The Way of the Cross charts graffitied crosses in Scottish cities. Marked in ink, chalk, pencil and nail polish, scratched into wood and stone or drawn with a finger into the grime of a telephone box window, they can be found at the thresholds to tenement flats, on the side of bins, or positioned with a graphic and sometimes comic eye, riding upon graffiti tags or in direct conversation with the peeling fabric of the city’s walls.
It borrows its title from Via Dolorosa, The Way of Sorrow, an ancient devotional route in Jerusalem’s Old City that rises in the Muslim quarter and ends at the Church of the Holy Sepulchre, and which is believed to mark moments in the passion and crucifixion of Jesus: where he was condemned to death; took up the cross; consoled his weeping mother; and is eventually stripped and nailed to the cross. It is a profound story of sacrifice and ritualised public humiliation, kindness and cruelty, vulnerability and strength, fear and acceptance.

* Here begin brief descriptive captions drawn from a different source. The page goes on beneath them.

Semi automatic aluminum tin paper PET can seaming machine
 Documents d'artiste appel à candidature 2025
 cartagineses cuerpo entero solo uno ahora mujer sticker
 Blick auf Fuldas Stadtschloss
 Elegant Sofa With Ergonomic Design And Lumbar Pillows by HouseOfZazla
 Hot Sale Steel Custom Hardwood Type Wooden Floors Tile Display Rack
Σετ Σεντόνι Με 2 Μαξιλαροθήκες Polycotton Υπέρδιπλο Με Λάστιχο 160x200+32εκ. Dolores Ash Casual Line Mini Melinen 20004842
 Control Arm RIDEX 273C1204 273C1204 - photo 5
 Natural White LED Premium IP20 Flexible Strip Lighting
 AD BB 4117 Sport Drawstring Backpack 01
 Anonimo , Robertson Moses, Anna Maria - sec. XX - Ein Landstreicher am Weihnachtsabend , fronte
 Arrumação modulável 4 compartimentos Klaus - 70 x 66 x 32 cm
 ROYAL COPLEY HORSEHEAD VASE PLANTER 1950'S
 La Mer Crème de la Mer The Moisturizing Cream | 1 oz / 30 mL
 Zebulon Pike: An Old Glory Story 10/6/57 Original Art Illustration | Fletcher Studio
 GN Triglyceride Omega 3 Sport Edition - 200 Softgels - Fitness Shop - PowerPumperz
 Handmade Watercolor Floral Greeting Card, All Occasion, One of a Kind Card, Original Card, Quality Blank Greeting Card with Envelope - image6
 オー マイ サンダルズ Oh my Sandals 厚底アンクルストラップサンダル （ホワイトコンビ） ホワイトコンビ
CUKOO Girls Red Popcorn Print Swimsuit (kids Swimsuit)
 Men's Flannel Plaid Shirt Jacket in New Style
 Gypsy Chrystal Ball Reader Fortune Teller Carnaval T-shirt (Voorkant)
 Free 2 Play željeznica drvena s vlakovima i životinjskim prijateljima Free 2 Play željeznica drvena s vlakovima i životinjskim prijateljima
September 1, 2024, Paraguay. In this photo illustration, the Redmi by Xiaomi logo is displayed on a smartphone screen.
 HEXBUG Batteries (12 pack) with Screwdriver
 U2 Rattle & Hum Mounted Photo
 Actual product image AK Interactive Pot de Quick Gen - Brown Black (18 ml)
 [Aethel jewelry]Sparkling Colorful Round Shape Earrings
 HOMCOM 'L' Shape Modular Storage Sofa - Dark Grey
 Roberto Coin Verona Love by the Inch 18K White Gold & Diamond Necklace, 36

Photographer, Stephen Deazley grew up in a Belfast Catholic household in a culture rich with icons and biblical imagery, and while he is not, these days, religious in any way, he finds these crosses and the mark making very moving, akin more to private meditations than public declarations of faith. They speak to him of loneliness and affirmation in equal measure and reveal part of a city’s untold story. Collecting them has become a meditation, a ritual of walking, noticing, and bearing witness to those who made them and to the moments in time when they were made.
“You ignore graffiti at your peril. It’s the heartbeat of a city. It’s the voice of the voiceless.”
Terry Pratchett
Stephen Deazley is perhaps better known across Scotland as a choir director, music educator and composer, whose work enables communities and people of all ages to participate in inspirational music making. This is his first public exhibition.